TASK DETAILS
Once the line holding "-EnergyCake蛋糕理想国" is written out, stop; begin at the first line of the material below and retype exactly, dropping pictures.

★ ★ ★

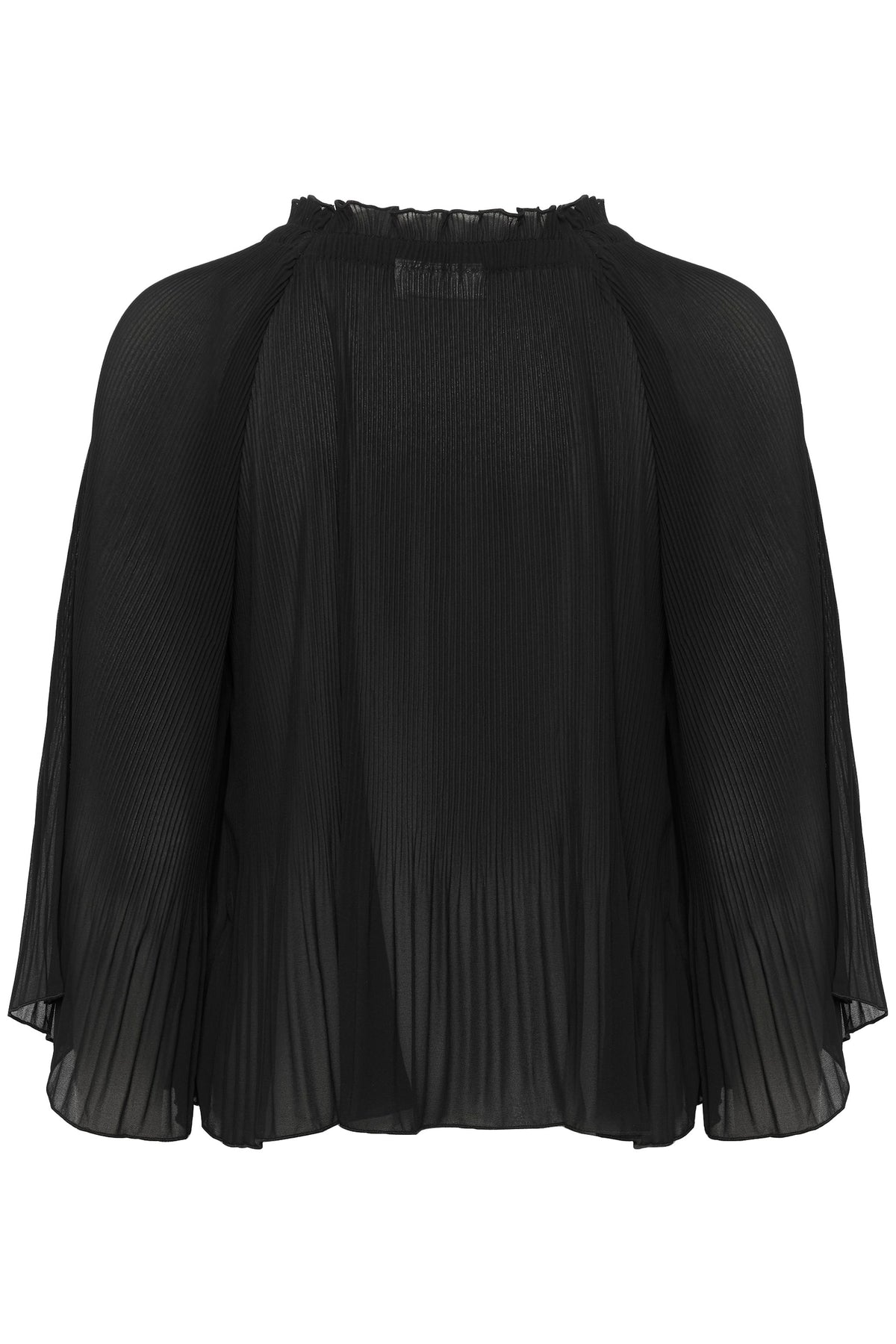 LendraIW Blouse - Black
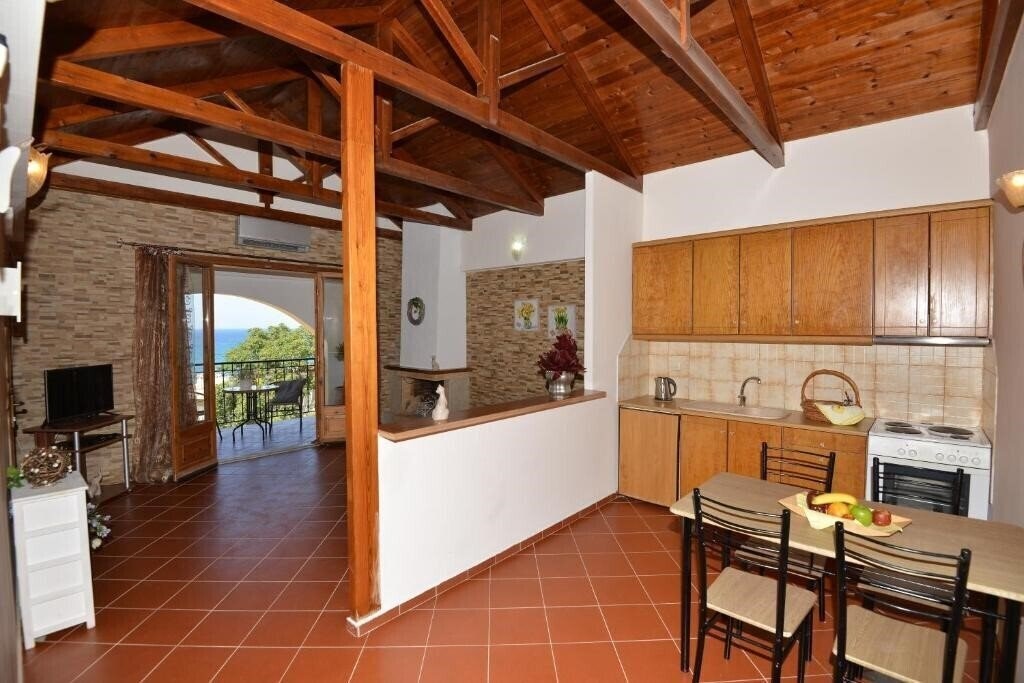 Фотография Castello Domus 3*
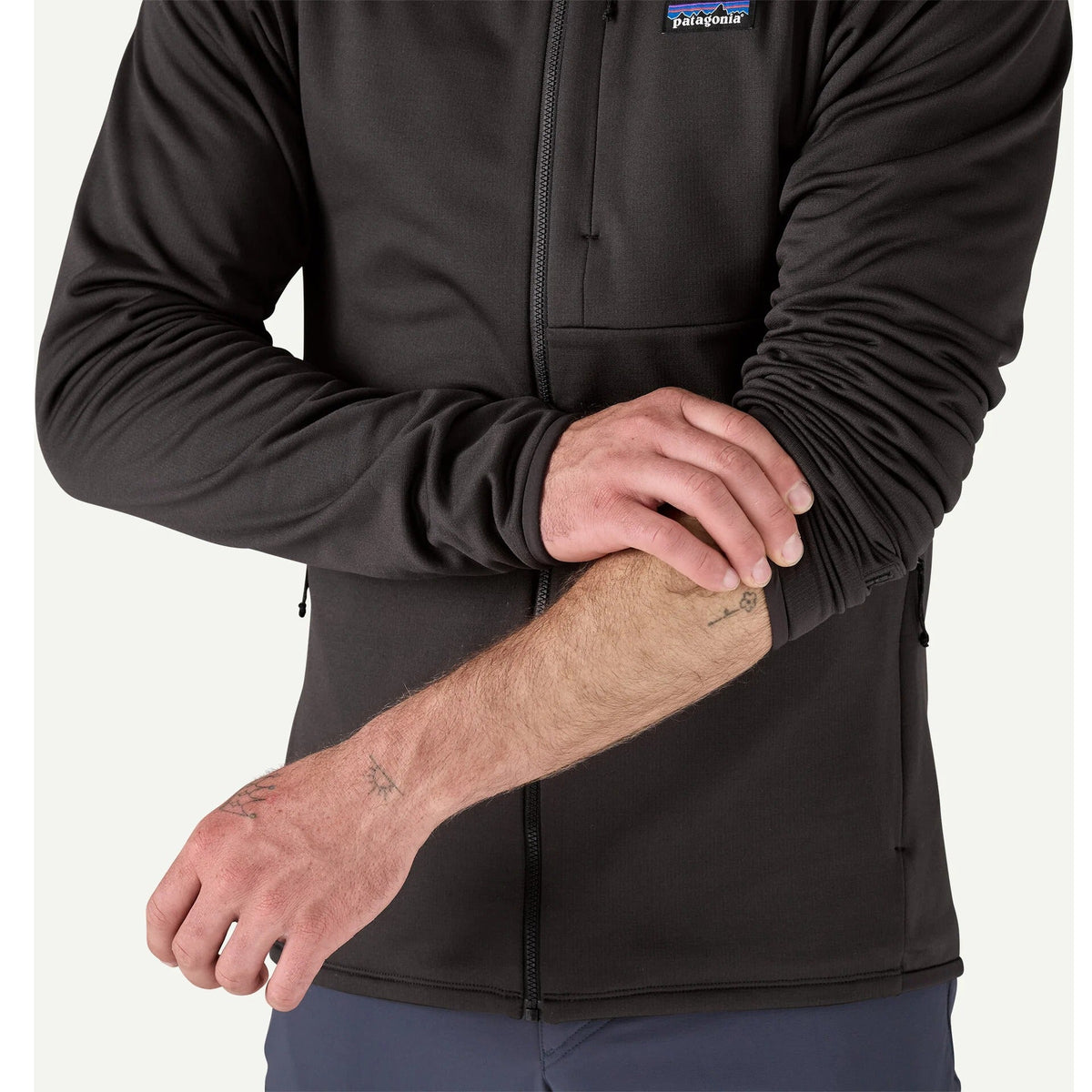 Men's R1 Thermal Jacket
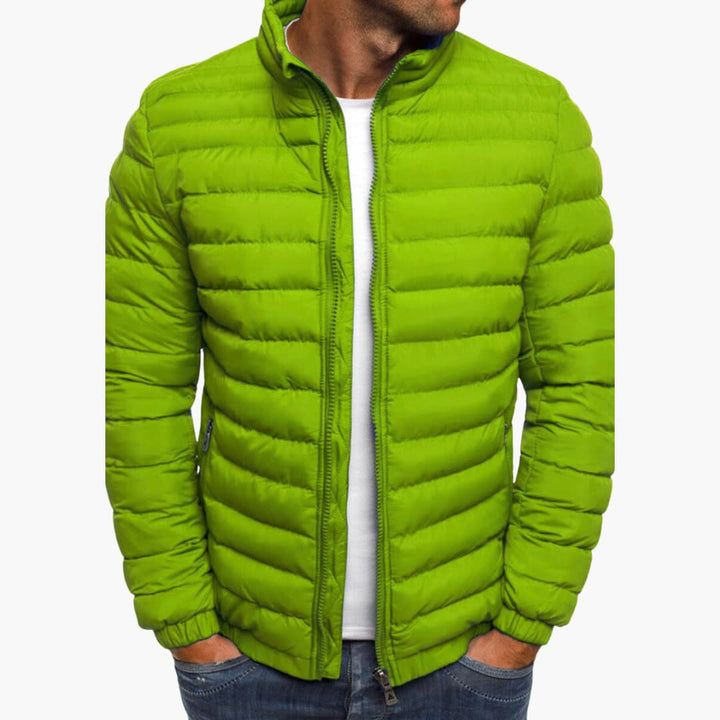 Mitchel™ Lightweight Jacket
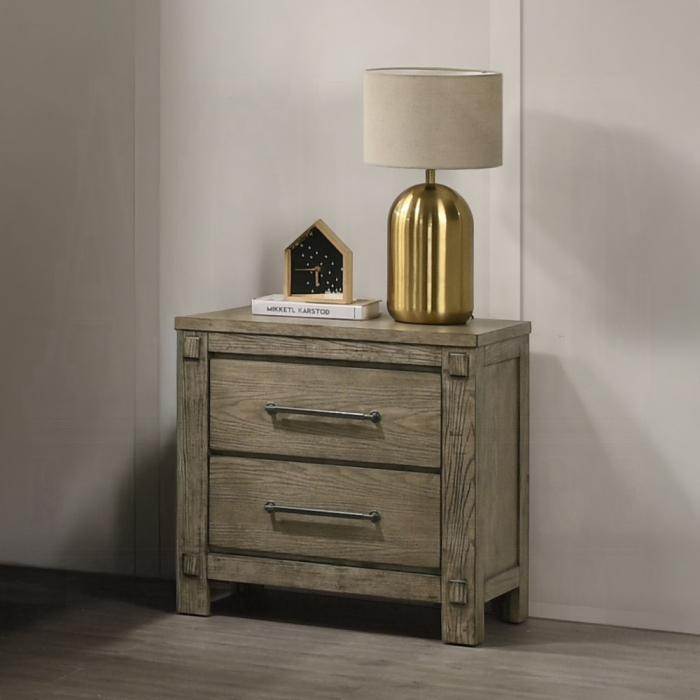 BD05293 Colton Nightstand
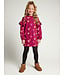 Sweater Jurk Double Hearts
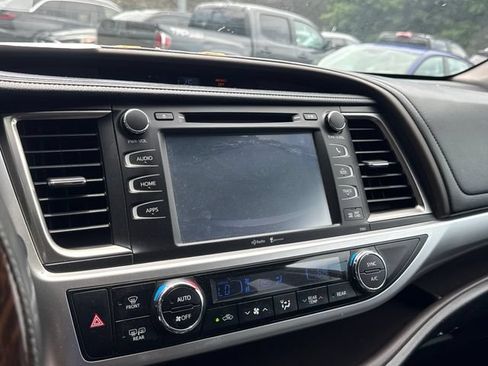 Used 2015 Toyota Highlander XLE FWD image 22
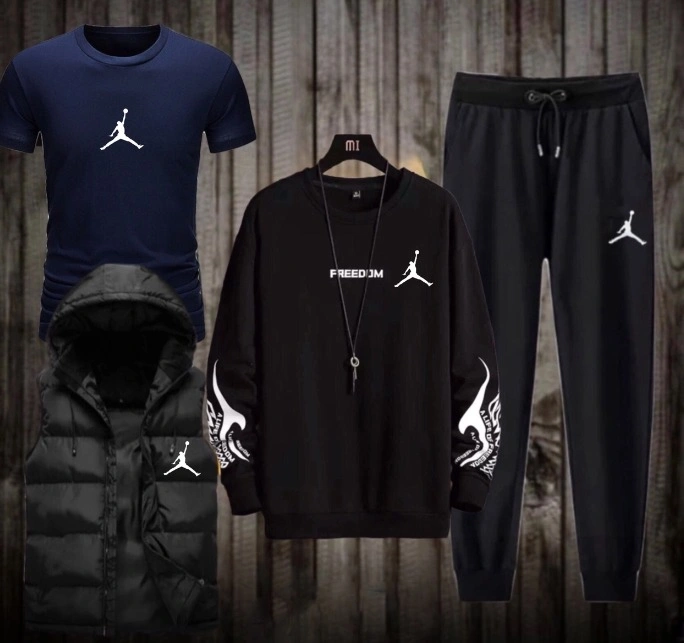 Костюм мужской 37529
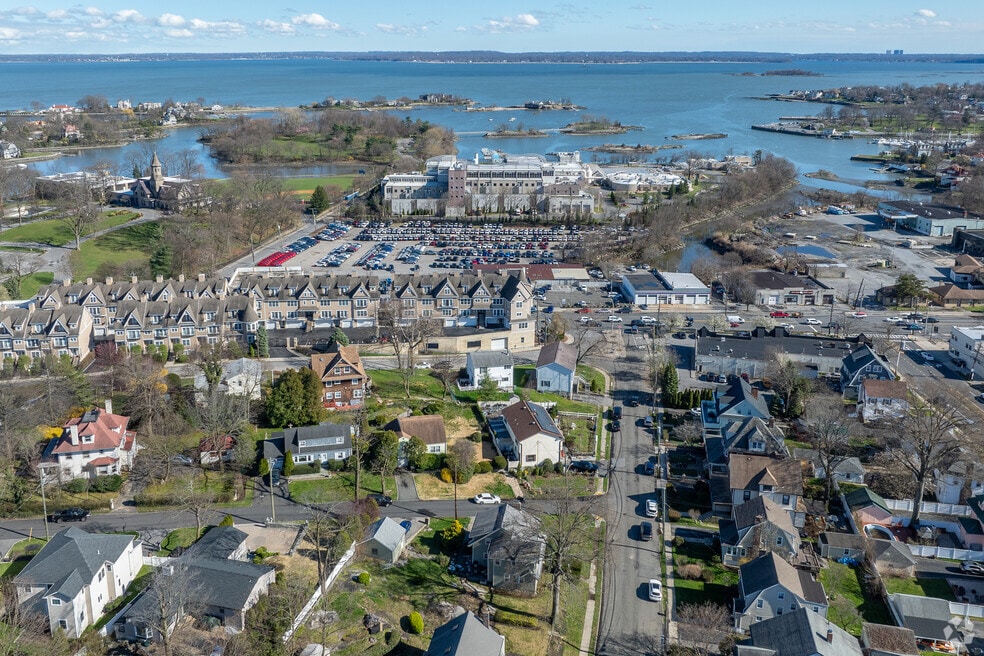 Sun Haven/Homestead Park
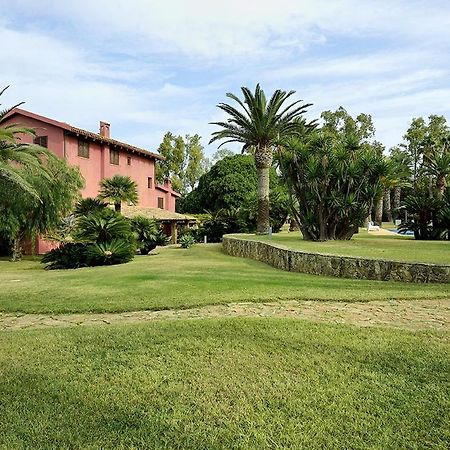 Casa Realia Bed and Breakfast Αγκριτζέντο Εξωτερικό φωτογραφία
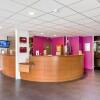 Отель ibis styles Bobigny Centre Préfecture, фото 2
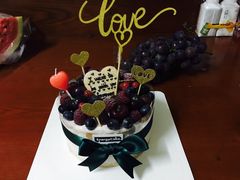 -EnergyCake蛋糕理想国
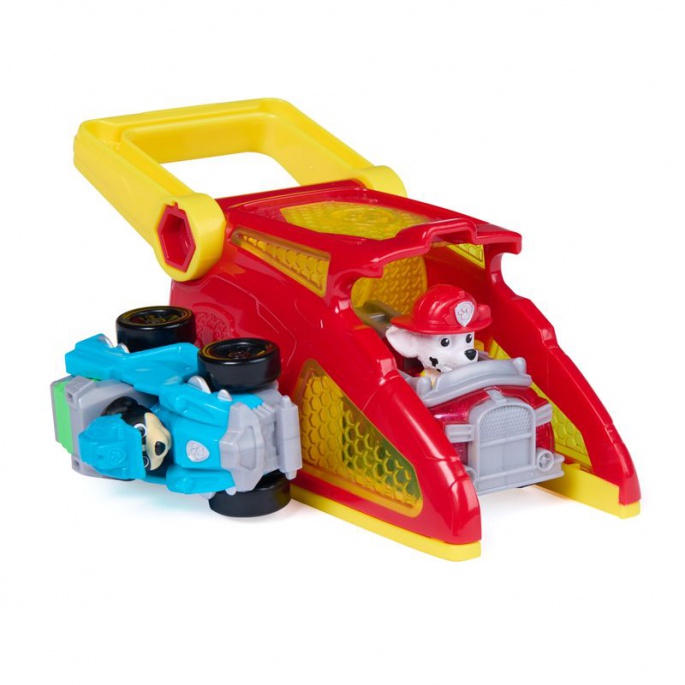 Paw Patrol Abschussgerät Marshall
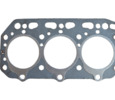Head gasket Yanmar F18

★ ★ ★

EXERCISE RESPONSE
 LendraIW Blouse - Black
 Фотография Castello Domus 3*
 Men's R1 Thermal Jacket
 Mitchel™ Lightweight Jacket
 BD05293 Colton Nightstand
 Sweater Jurk Double Hearts
 Used 2015 Toyota Highlander XLE FWD image 22
 Костюм мужской 37529
 Sun Haven/Homestead Park
 Casa Realia Bed and Breakfast Αγκριτζέντο Εξωτερικό φωτογραφία
 Отель ibis styles Bobigny Centre Préfecture, фото 2
 -EnergyCake蛋糕理想国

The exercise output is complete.